Was unsere Lage verlangt, ist eindeutig: Universalismus muss ein unverzichtbarer Bestandteil jeder Linken sein – wenn nicht aus anderem Grund, dann allein deshalb, weil die heutige „spätkapitalistische“ Gesellschaft (ein oft gebrauchtes Etikett, das an sich wenig aussagt und eher unsere Ahnungslosigkeit dokumentiert) global in einem bislang ungeahnten Ausmaß vernetzt ist. Um nicht erneut die offensichtlichen Beispiele aufzuzählen – die globale Umweltbedrohung, die Folgen künstlicher Intelligenz, die drohende soziale Instabilität und das Risiko militärischer Selbstzerstörung –, sei nur darauf verwiesen, dass selbst ehemals staatliche Monopole heute zum internationalen Handel gehören. So hat Trump mehrfach angedroht, amerikanische Gefangene zur Strafverbüßung ins Ausland zu verlegen – zuletzt mit der Drohung, die wegen Vandalismus an Teslas Angeklagten nach Ecuador zu schicken.
So kann man seine Haftstrafe in einem Land absitzen, in dem die Tat, für die man verurteilt wurde, keine Straftat ist! Ghana und Serbien bereiteten die Unterzeichnung eines wegweisenden Memorandums zum Thema Arbeitsmobilität vor, das ghanaischen Arbeitskräften ermöglichen sollte, von Serbiens Programm für 100.000 Arbeitserlaubnisse in diesem Jahr zu profitieren. (Das Abkommen wurde später wieder aufgehoben.)
Ähnliches geschah bereits 1970, als die DDR Tausende vietnamesische Arbeitskräfte importierte – wobei ein Teil ihres Lohns vom Staat einbehalten wurde. Wieder einmal werden Arbeiter vom Staat an einen anderen Staat „verkauft“... Nordkorea trieb diese Logik auf die Spitze und verkaufte im Grunde Tausende Soldaten an Russland, wo sie an der Front kämpfen und massenhaft sterben. (Wäre es nicht viel angemessener, wenn Nordkorea seine Arbeitskräfte an Südkorea verkaufen würde, das nicht genug davon hat?
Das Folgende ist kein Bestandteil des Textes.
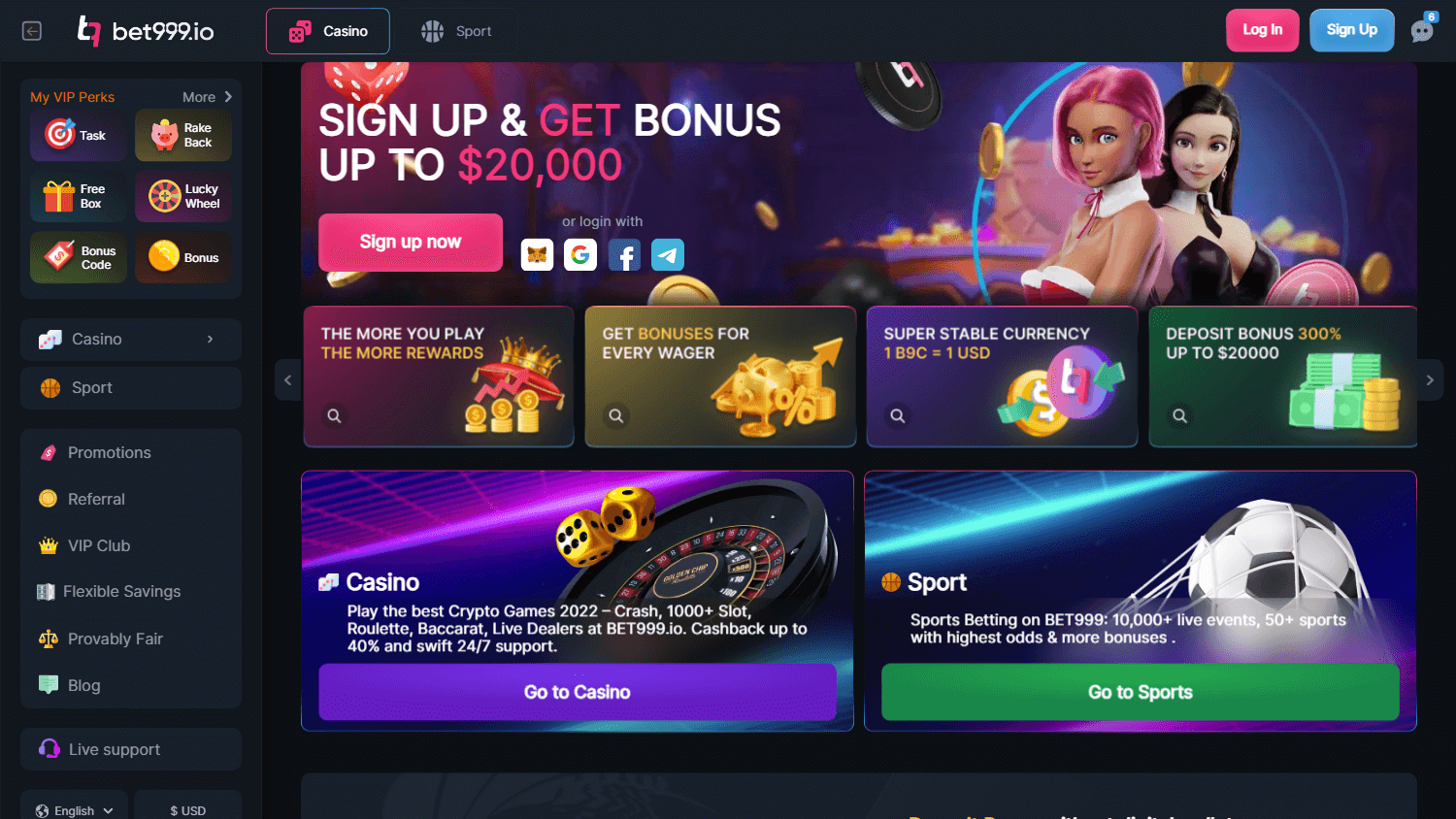 bet999_casino_homepage_desktop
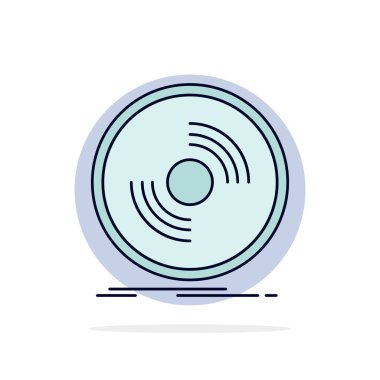 Disk, dj, fonograf, kayıt, vinil Düz Renk Simge Vektör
Aus ideologischen Gründen ist das natürlich unmöglich…)
Wie sollen wir also in einer derart unübersichtlichen globalen Lage handeln? Ich gehe ein Risiko ein und präsentiere hier, was ich mir nicht verkneifen kann, meine realistische Utopie zu nennen. (Diese Idee verdanke ich einem Gespräch mit Nico Graack.) Den täglichen Betrieb sollten am besten einigermaßen konservative Kräfte übernehmen – sie sind pragmatisch genug, um übermäßige Risiken zu vermeiden und stets bereit, zu bedenken, dass selbst die besten Projekte scheitern können. Kurz gesagt, sie wissen, dass politische Akteure volle Verantwortung übernehmen müssen: Ein wahrer Politiker sollte niemals sagen „Ich meinte es gut, nur die unglücklichen Umstände haben alles ruiniert.“
Doch eine solche Herangehensweise reicht nicht aus, um mit der Aussicht auf unvermeidbare Katastrophen fertigzuwerden, die die gesamte Menschheit bedrohen – deshalb wird eine Art neue leninistische Elite benötigt, eine Gruppe, deren Hauptaufgabe nicht darin besteht, altmodische kommunistische Träume auszubrüten, sondern uns alle auf die bevorstehenden Katastrophen vorzubereiten, also uns wachsam zu halten und bewusst zu machen, dass wir uns einem globalen Notstand nähern.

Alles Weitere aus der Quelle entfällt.